This is a stunning statistic:
…the annual expansion in China’s trade has been larger than India’s total annual trade during last several years.
Tyler Cowen hones in on this point, amongst a bounty of good points:
The most important factor that still holds back large [Indian] firms from entering these products is a set of draconian labour laws in India. Under these laws, it is virtually impossible for a firm with 100 or more employees to fire the workers even in the face of bankruptcy. It is equally difficult for the firms to reassign the workers from one task to another. These provisions impose very low worker productivity or a high real cost of labour. Large-scale capital-intensive sectors such as automobiles, where labour costs are a tiny proportion of the total costs, can profitably operate in such an environment. But the same is not true of large-scale labour-intensive sectors labour. Few foreign manufacturers are willing to enter India outside of a small subset of capital- and skilled-labour intensive sectors.
These kinds of rules damage economies around the world, but countries with the enormous poverty present in India are the least able to afford the luxury of such self inflicted wounds.

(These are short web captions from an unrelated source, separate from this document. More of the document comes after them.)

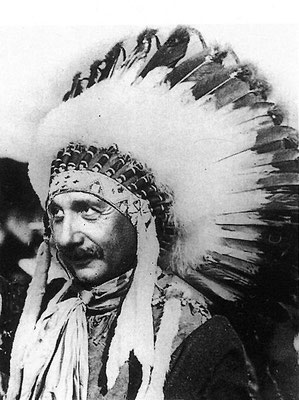Einstein at the Grand Canyon, 1922, wearing an Indian chief's head-dress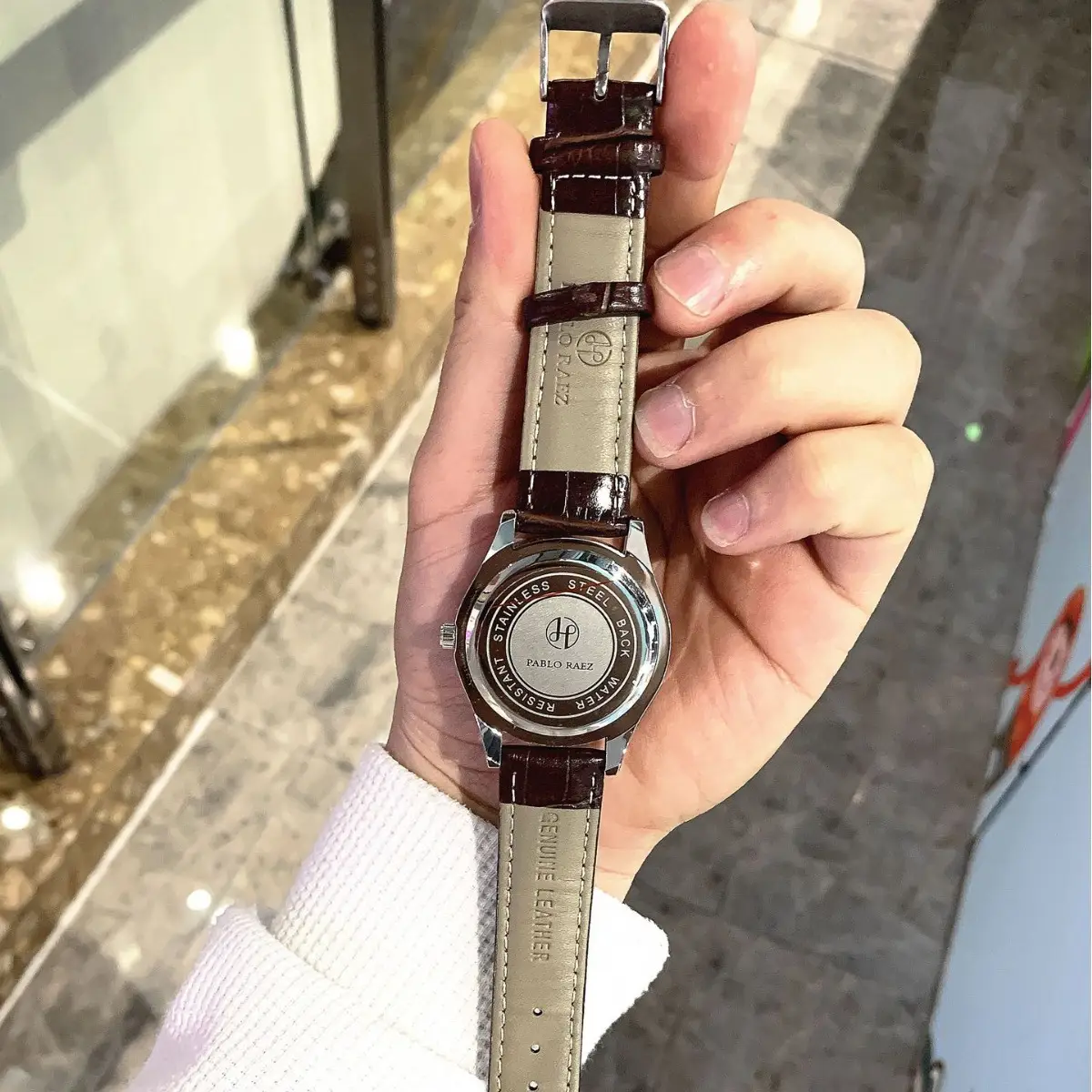 Men's PABLO RAEZ Quartz Watch Brown Leather Band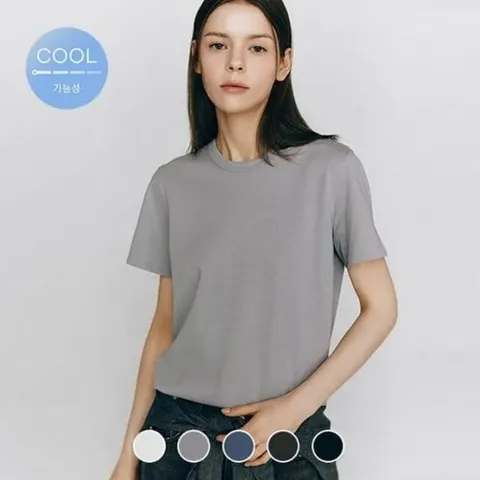 [ 롯데백화점 ][지오다노] 여성 라운드넥 수피마 코튼 반팔 티셔츠 325523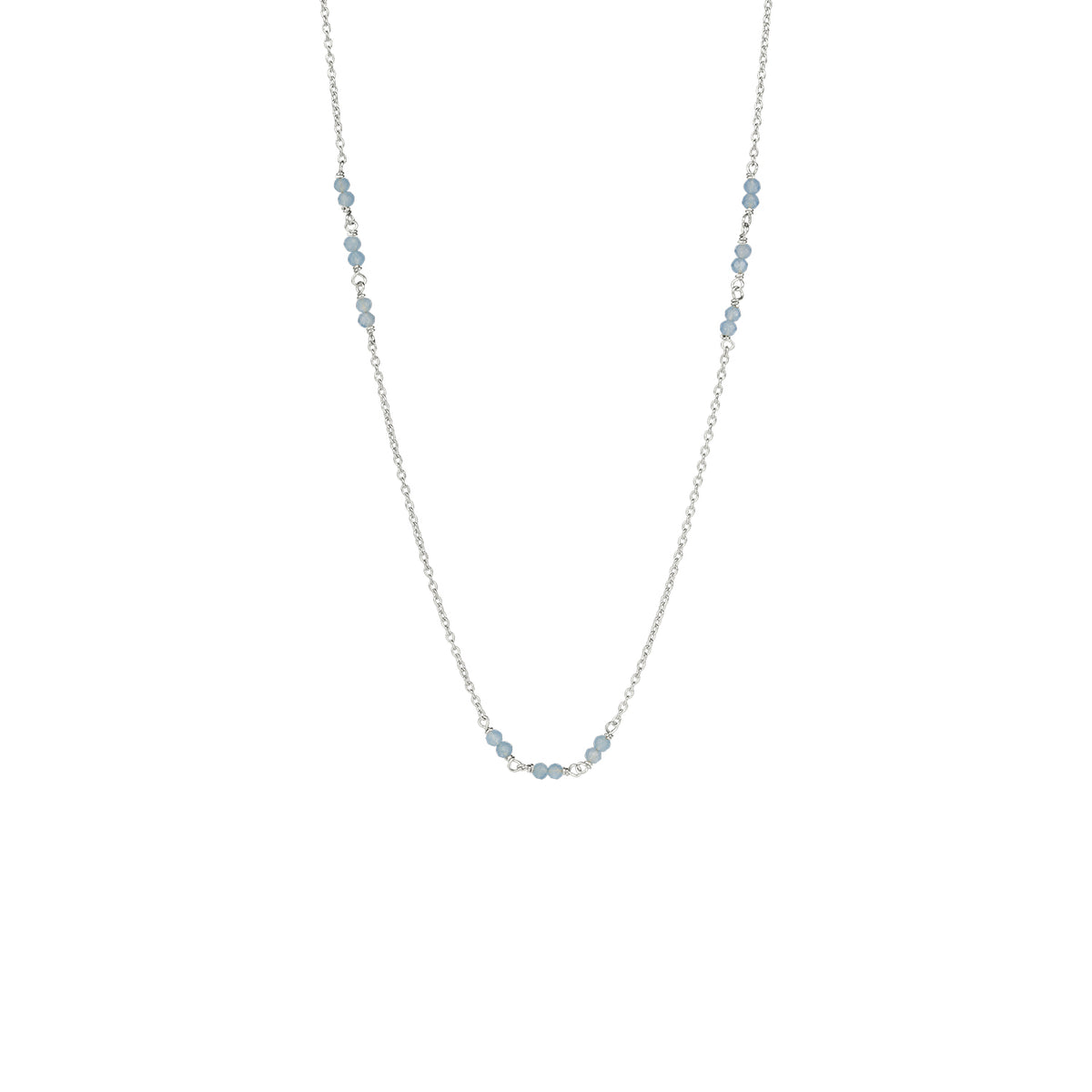 Petit Jardin Kette kurz aus Sterling Silber mit blauem Chalcedon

Which goes to the point of the first chapter of the latest Index of Economic Freedom report.
This essay argues that whether the economic infrastructure is “successful” or “perverse” and whether the “reward structure” is conducive to innovation and entrepreneurship rests on the degree of economic fluidity. Without constant mixing across boundaries, without the creation and testing of ideas, and without learning and adaptation, the specific character of the institutional structure matters little. Fluidity determines whether or not the structure will be successful in facilitating growth.
It isn’t capital, natural resources or education, it is the opportunity for all of those things to be deployed and redeployed. Entrepreneurial activity.